* Problem description
Retype all data exactly as given. Pictures should not be retyped.
Records for this task START
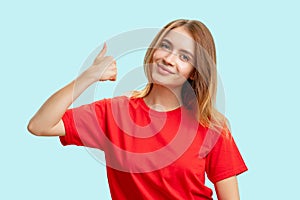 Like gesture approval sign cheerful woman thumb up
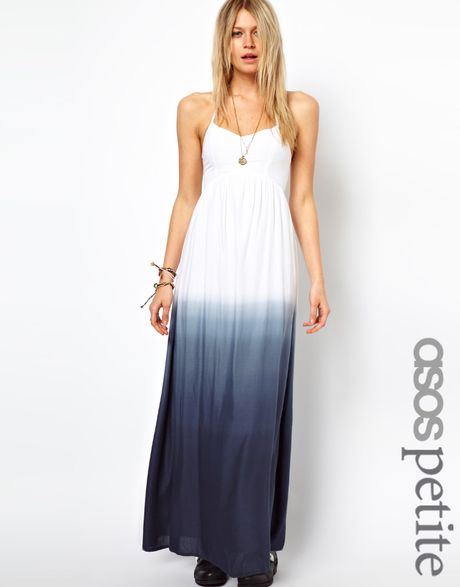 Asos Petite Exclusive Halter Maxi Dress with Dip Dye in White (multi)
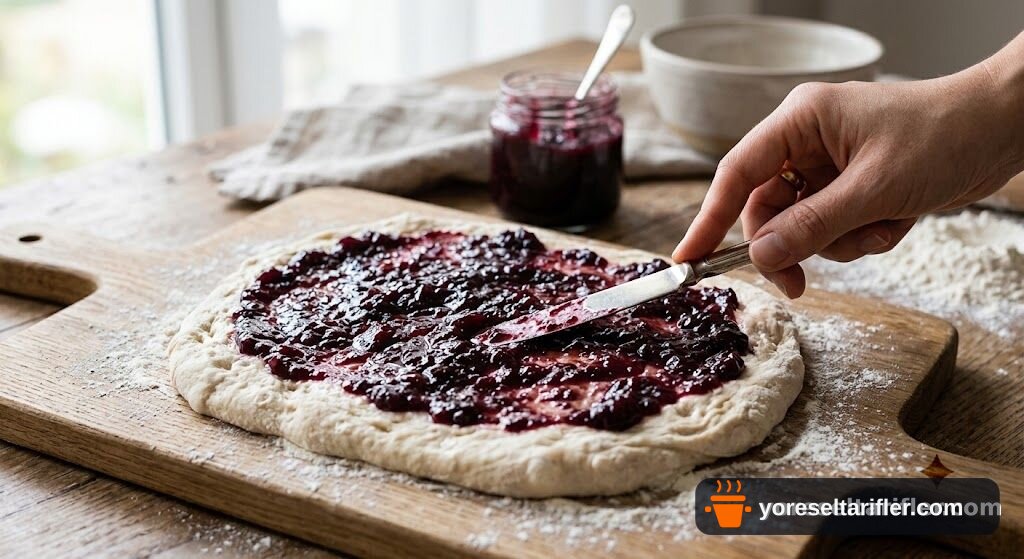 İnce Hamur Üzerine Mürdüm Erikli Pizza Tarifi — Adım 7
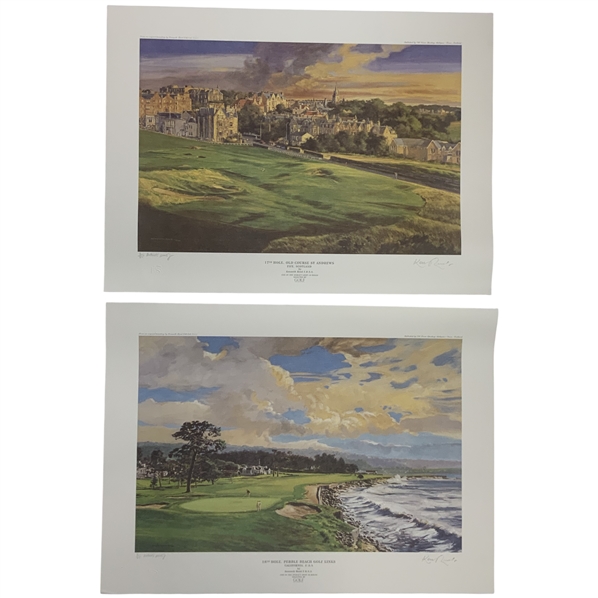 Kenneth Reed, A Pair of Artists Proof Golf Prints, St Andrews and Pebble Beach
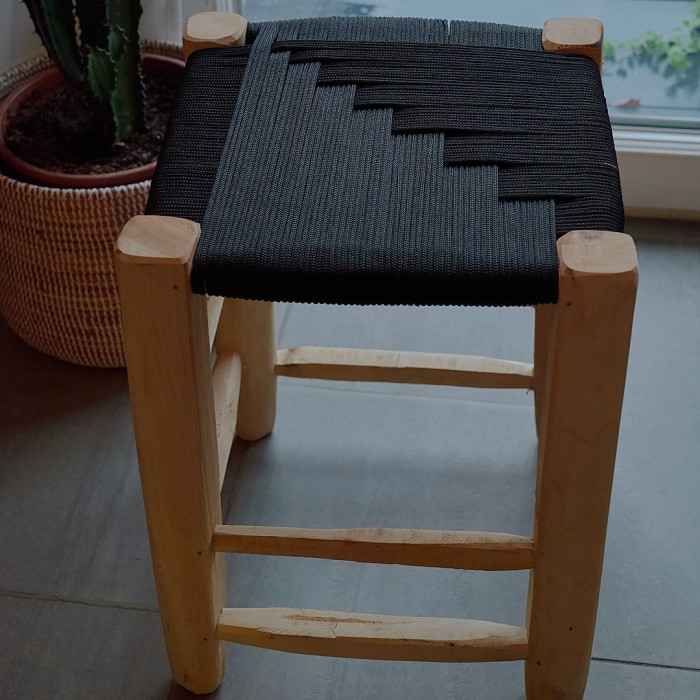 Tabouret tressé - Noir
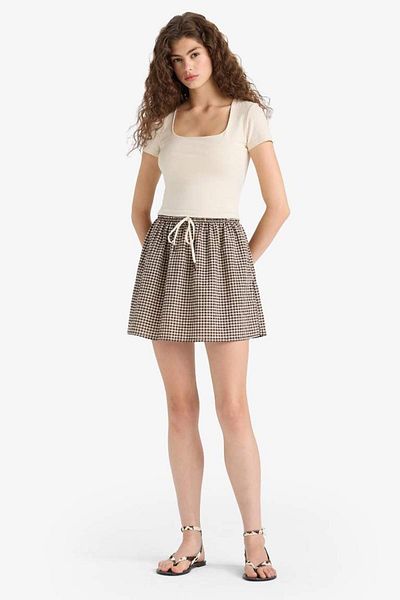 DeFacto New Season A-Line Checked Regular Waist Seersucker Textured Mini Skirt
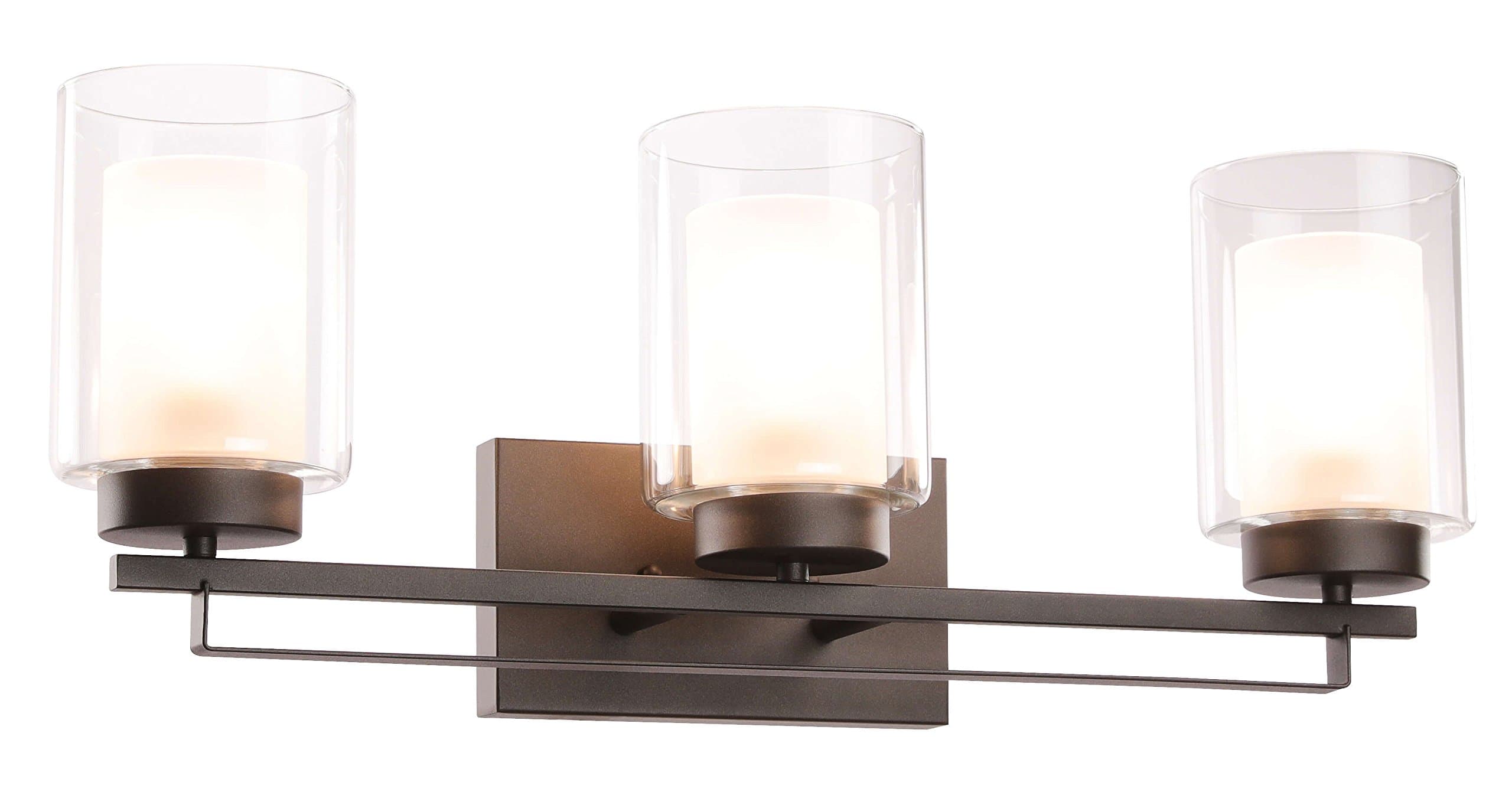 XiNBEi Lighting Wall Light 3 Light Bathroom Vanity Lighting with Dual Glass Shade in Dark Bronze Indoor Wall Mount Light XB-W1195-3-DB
Records for this task END
* Reply
 Like gesture approval sign cheerful woman thumb up
 Asos Petite Exclusive Halter Maxi Dress with Dip Dye in White (multi)
 İnce Hamur Üzerine Mürdüm Erikli Pizza Tarifi — Adım 7
 Kenneth Reed, A Pair of Artists Proof Golf Prints, St Andrews and Pebble Beach
 Tabouret tressé - Noir
 DeFacto New Season A-Line Checked Regular Waist Seersucker Textured Mini Skirt
 XiNBEi Lighting Wall Light 3 Light Bathroom Vanity Lighting with Dual Glass Shade in Dark Bronze Indoor Wall Mount Light XB-W1195-3-DB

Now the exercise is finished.